# Which would you get and why>? Bait Caster..



## RearFanged (Nov 7, 2007)

I don't torney fish (maybe someday) and I don't buy crap. So I'm looking middle of the road. Bass pro has 2 rod/real combo's on sale. Would you go with the Daiwa® Viento® Baitcast OR THE Shimano® Curado® D. I'm leaning towards the Shimano 200dbv. I will mainly be bass fishing but lately I've had a hunger for some salt/brackish water big game. Only a $10 difference between the 2. What do you think>?

John


----------



## Jim (Nov 7, 2007)

Either one will work, I personally think the Viento switch is a gimmick with one more thing to go wrong.
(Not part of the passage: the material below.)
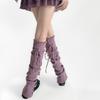 Ribbed Knit Thigh High Footless Long Socks with Button Detail Split Designs Over Knee Leg Warmers for Dance Enthusiasts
I used to own one. The Shimano Cuardo has proven itself over time with legendary smoothness, and reliability. 

Go with the Shimano. IMO


----------



## SMDave (Nov 7, 2007)

Supposedly the viento is one of the WORST cating reels out there. So go with the curado, many people would rather trade a G. Loomis than lose their curado (well, may be an over exaguration). Flat and simple, Shimano's are supposed to be the best reels out there! I want to get a Citica this Christmas.


----------



## Jim (Nov 7, 2007)

SMDave said:


> Supposedly the viento is one of the WORST cating reels out there. So go with the curado, many people would rather trade a G. Loomis than lose their curado (well, may be an over exaguration). Flat and simple, Shimano's are supposed to be the best reels out there! I want to get a Citica this Christmas.
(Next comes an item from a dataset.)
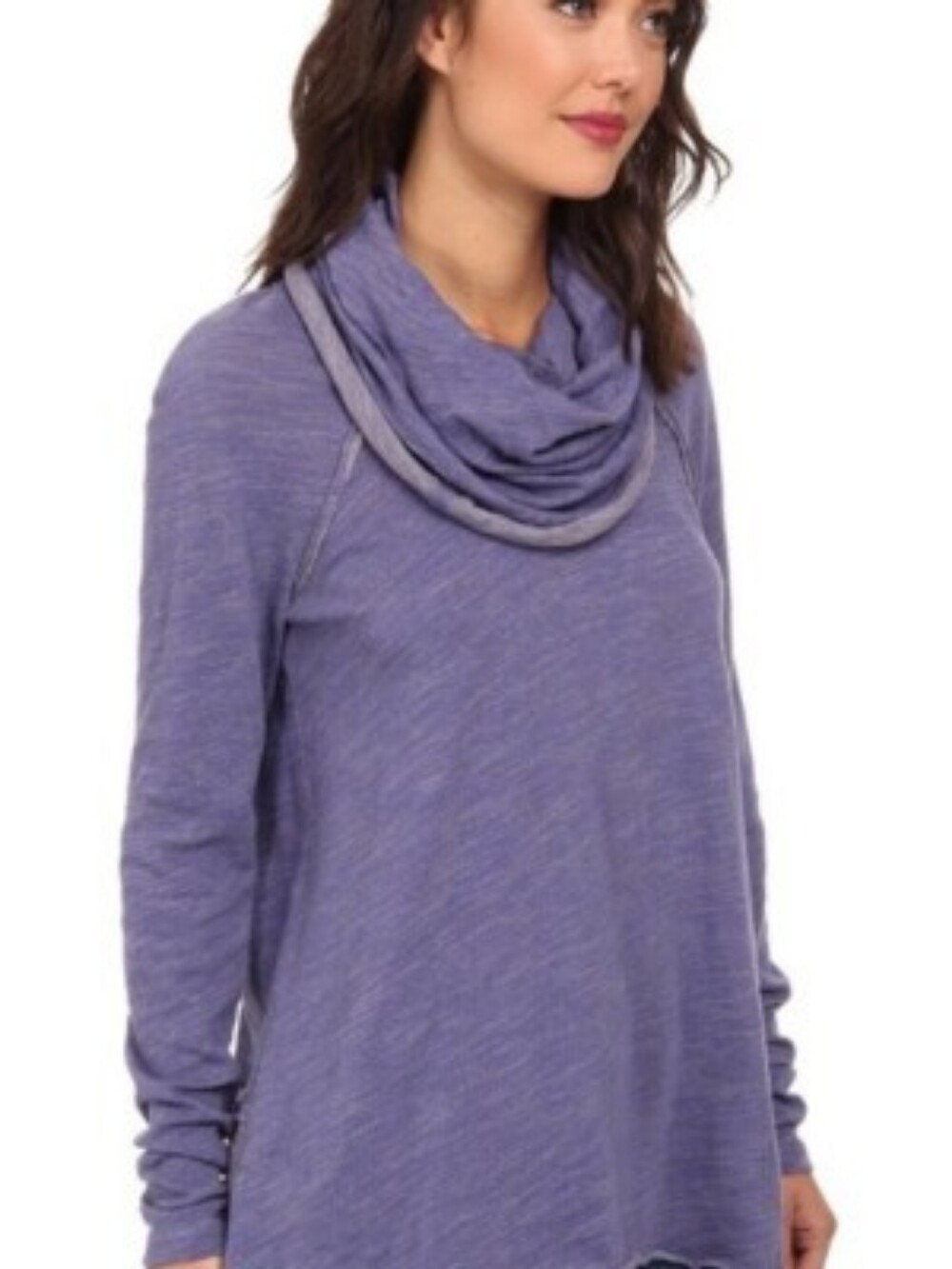 FP Beach Free People Blue Cowl Neck Asymmetrical Tunic Sweater Top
The Viento actually casted pretty good, for the 1/2 ounce and higher stuff. I got it to try the twitching feature and never used it.


----------



## little anth (Nov 7, 2007)

i would no doubt go for the curado. best baitcaster ever made you wont be sorry


----------



## Nickk (Nov 7, 2007)

I have 4 Shimano and 1 Abu casting reel(STX), the Abu has magnetic brakes but I think I prefer the centrifugal brakes on the Shimanos. I have 3 Curados, a 201b-a 101b, and a 101d. All of them are great reels, smooth casting and easy to maintain.


----------



## RearFanged (Nov 7, 2007)

Well I went with the Shimano! It's a bigger reel and I really liked the oversized handles. Very smooth I can't wait to get this sucker on the water. The combo came with Bass Pro Shops Pro Qualifer rod. I went with Medium Heavy as I plan to do some inshore with it as well (Dieing to catch some snook and tarpin!!!). Also picked up some storm swimmer bait and a salt water spook. For line I went with P line and I also purchased 25lb floro for liters. I can't wait till christmas which is going to be a LONG wait now!!! Only plus size is this should give me plenty of time to start looking for some nice brackish water canals.

John


----------



## dampeoples (Nov 7, 2007)

I have the Japanese version of the Viento, which means it was an overpriced Viento with a different paint and handle, and a sissy drag  

It's one of the best casting reels I own, I toss weightless senkos with it, and other weightless plastics.


----------



## WVfishing (Nov 7, 2007)

the curado is the best choice, I have two myself and love them. I have also went to revos, they are also sweet, they will cast a small bait a country mile with little effort.


----------



## little anth (Nov 8, 2007)

just make sure you clean the reel good after the salt. not fun dealing with a good reel gone bad :roll:


----------



## shootisttx (Nov 9, 2007)

Abu Revo SX


----------



## micropterus (Nov 9, 2007)

I like Shimano but I got rid of my Curado SF and replaced it with a REVO. Since then, I've bought 4 more REVOS. I use REVOs for just about everything. I highly recommend them. Smooth, reliable, built tough, and casts a country mile.


----------